Had Amber known this would happen? That curiosity would get the better of me once I’d started asking questions? At the very least, she must have understood that any conversation I had with stonewalling Shaylene Hawken was bound to leave me feeling angry and frustrated.
I glanced again out the window at the alabaster sky above the ragged treetops. I hadn’t been back up to my father’s old stomping grounds in ages, not since the manhunt. I could drive up to Widowmaker and be back home before the snow started to fall. As long as I understood where the lines were drawn and made certain not to cross them, I was at no risk of getting myself into trouble. No risk at all.
*
I kept my personal vehicle, an International Harvester Scout II, in the garage, out of the elements. I had always had an affinity for vintage four-wheel-drive vehicles. Maybe it was because I spent so much of my working life driving a state-of-the-art GMC Sierra that was loaded with more technology than I knew what to do with. My first antique had been a Jeep Willys that ran like a dream until rust ate it down to the bones. Then I had owned a cherry Ford Bronco, which I had watched being blown apart by shotgun rounds. Looking for a replacement, I had been torn between a Dodge Power Wagon and the International Harvester. I had gone with the hardtop Scout and had never had cause to regret my decision. The gas mileage was abysmal, but my trusted four-by-four took me everywhere I wanted to go.

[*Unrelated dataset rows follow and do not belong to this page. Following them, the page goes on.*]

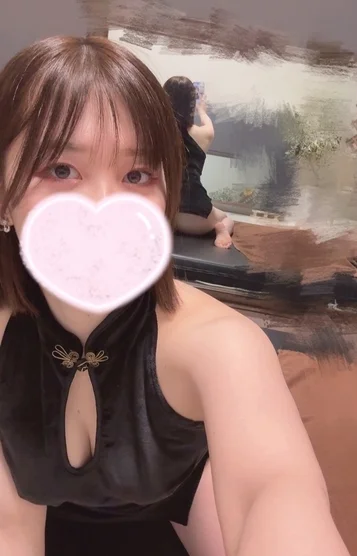 藤井るい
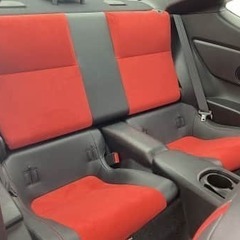 MTのスポーツカー😎の画像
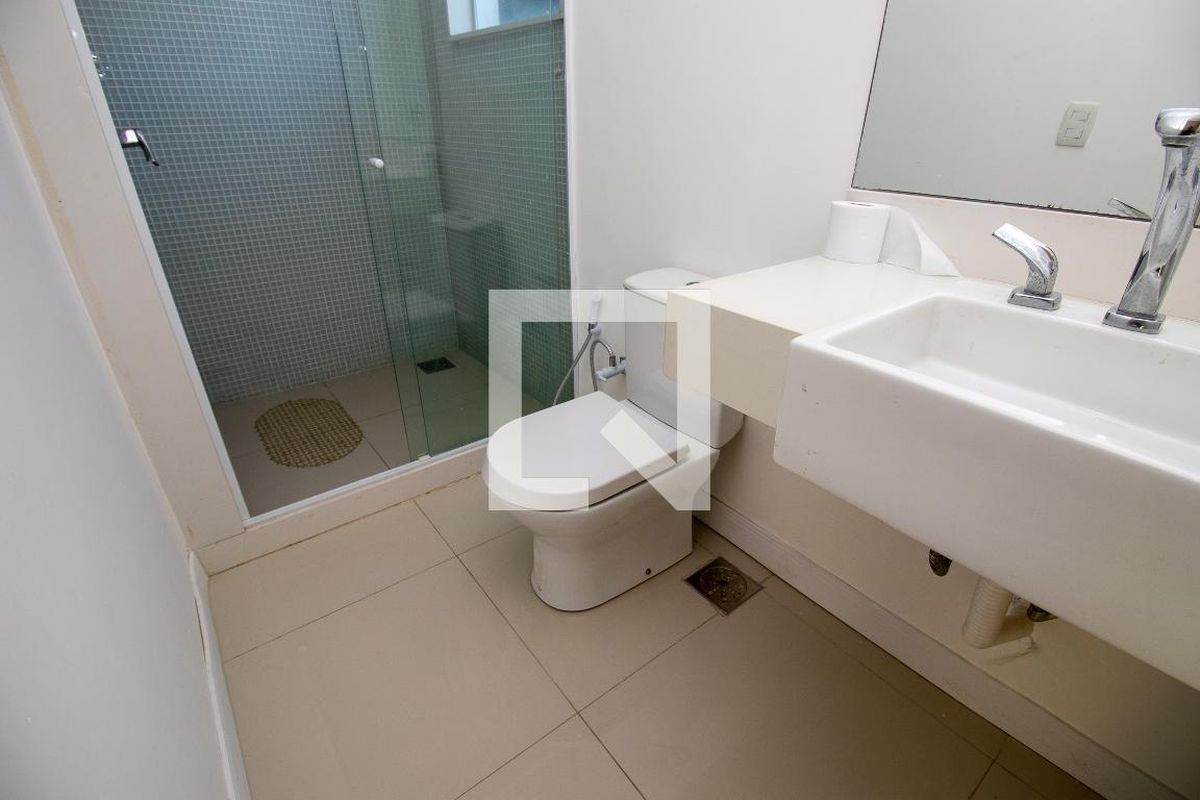 Casa, 3 quartos, 350 m² - Foto 62
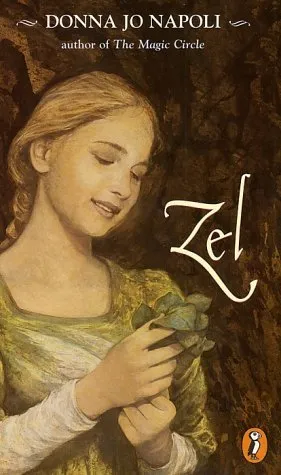 Zel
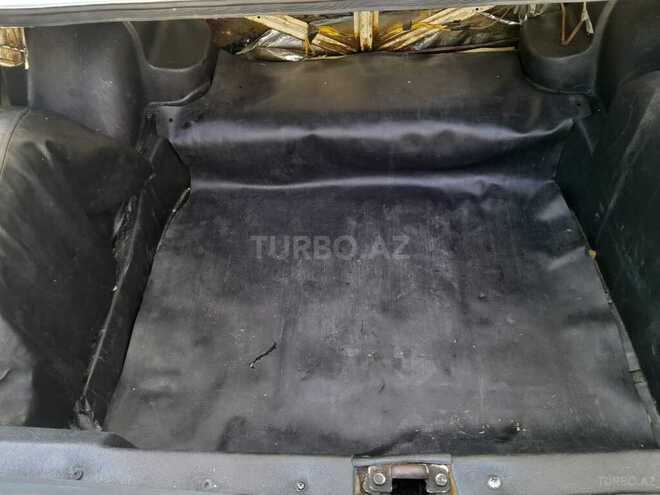 LADA (VAZ) 2106 2005, 200,000 km - 1.6 л - Bakı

In the winter, I packed the back with tire chains, a come-along, and a pull rope—as much to help motorists who might have slid off the road as to help myself. (I have always been an incorrigible Good Samaritan. My life would have been easier if I had been even remotely corrigible.) I kept a pair of snowshoes in there, too, as well as a wool blanket, a five-gallon jug of gasoline, and a first-aid kit.